Całość dopełniają hamulce Magura MT8 ze 180 mm tarczą z przodu oraz 160 mm tarczą z tyłu. Jest to solidny i lekki zestaw, pasujący do charakteru testowanej maszyny. 

 

Wrażenia z jazdy

Trzeba zacząć od tego, że na testowanym przez nas Specu fajnie się “leży” i jest to typowo wyczynowa konstrukcja. Przez to, że siodło mocno wędruje za linię pionową biegnącą przez środek suportu, otrzymujemy bardzo efektywny kąt “pedałowania” tak jak w rowerze szosowym. To dobra informacja szczególnie dla zawodników z “długą nogą”. Dodatkowo siodełko Specialized Phenom Pro ma charakterystyczne podbicie z tyłu, trzymające w ryzach biodra. Dzięki temu jest się gdzie zaprzeć, przez co jeszcze więcej energii możemy przekazać na pedały. Taka konstrukcja na długie maratony jest idealna. Mamy wygodną pozycję zmaksymalizowaną na dużą moc pedałowania. Rower ze “skręconym” Brainem zachowuje się jak sztywniak. Reakcja naciśnięcia na pedał jest błyskawiczna. Awangardowe zawieszenie działa wtedy, kiedy ma zadziałać – nie jest wygodne i nie można go utożsamiać z rekreacyjnym podróżowaniem. Jest za to szybkie, bo w końcu o to chodzi wszystkim zawodnikom.

 

 

Koła oprócz ciekawych wartości matematycznych opisywanych powyżej, dostarczyły jeszcze ciekawszych wrażeń z jazdy.

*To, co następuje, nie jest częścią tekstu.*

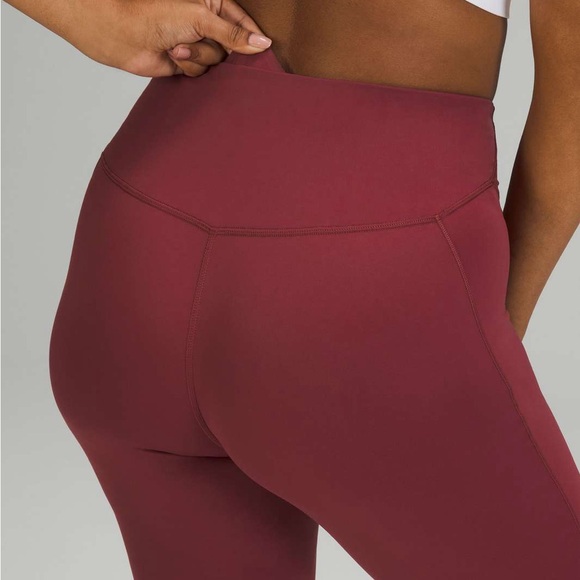 Lululemon Base Pace High-Rise Running Tight 25"
Mulled Wine - Picture 4 of 10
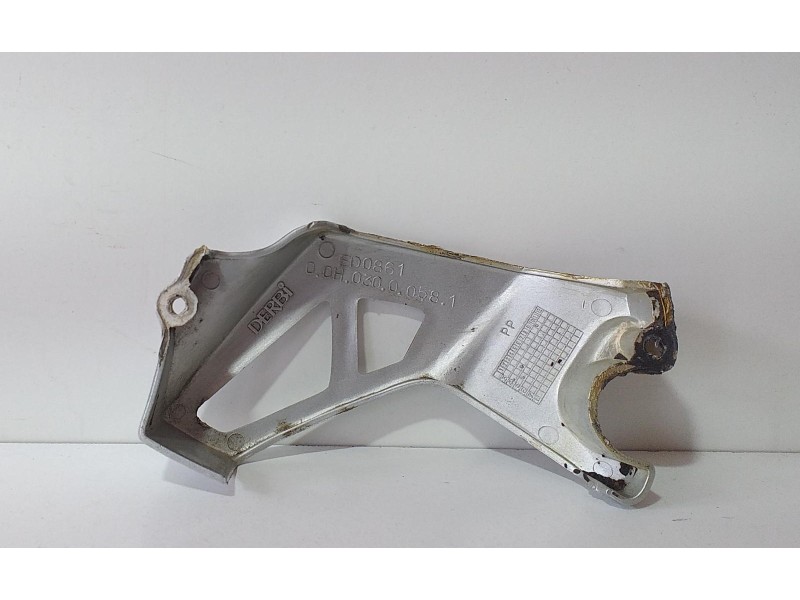 Recambio de cadena para derbi senda 125 senda 125 r referencia OEM IAM HONDAJD09E 68699 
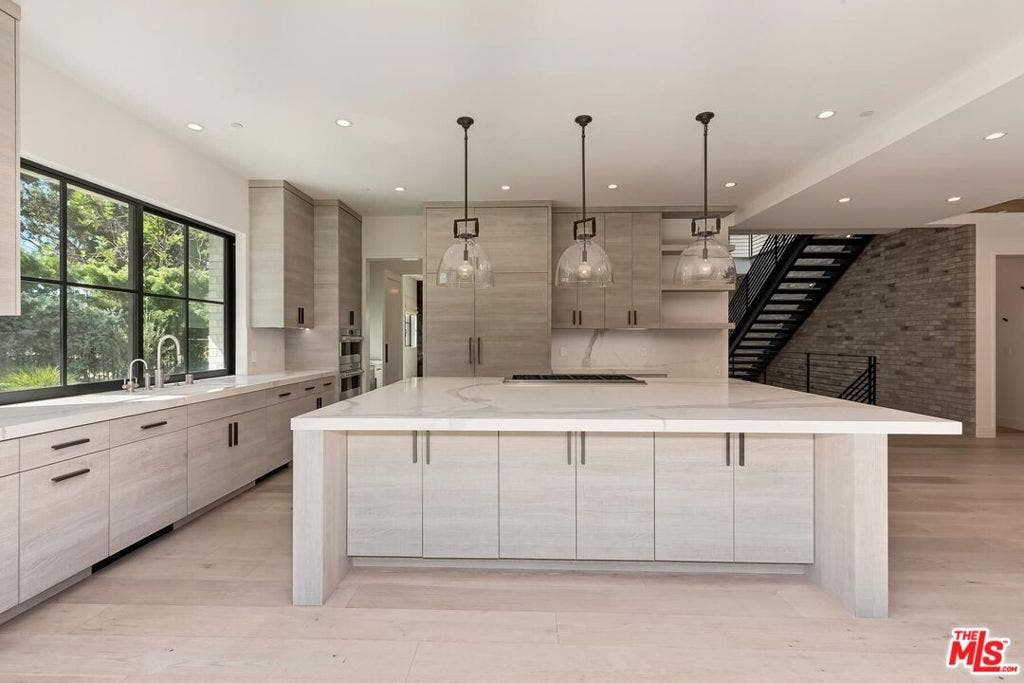 500 Chapala Drive, Pacific Palisades, CA 90272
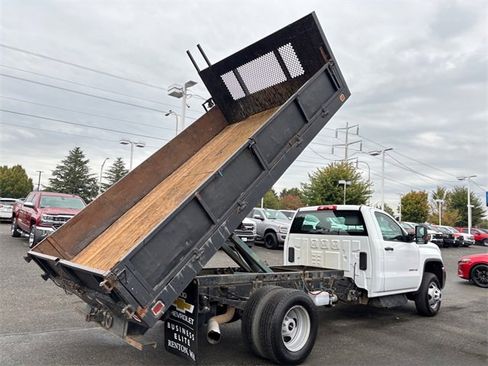 Used 2018 GMC Sierra 3500 4x4 Regular Cab w/ Sierra Convenience Package image 30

Początkowe ciśnienie w okolicach 2 barów było zbyt wysokie. Powoli zostało upuszczane do niższych wartości. Dopiero przy 1,3 – 1,5 bara koła i opony S-Works Fast Track Control zaczęły normalnie pracować. Pomimo niskiego ciśnienia opona idealnie wklejała się w podłoże. Na stromych zakrętach nie podwijała się i nie obsuwała. Tutaj mieliśmy największe obawy, ponieważ karbonowe obręcze nie mają koralika łapiącego krawędź opony. Najwidoczniej nie jest on potrzebny i bez niego, pomimo niskiego ciśnienia, opona trzyma się, jakby była przyklejona.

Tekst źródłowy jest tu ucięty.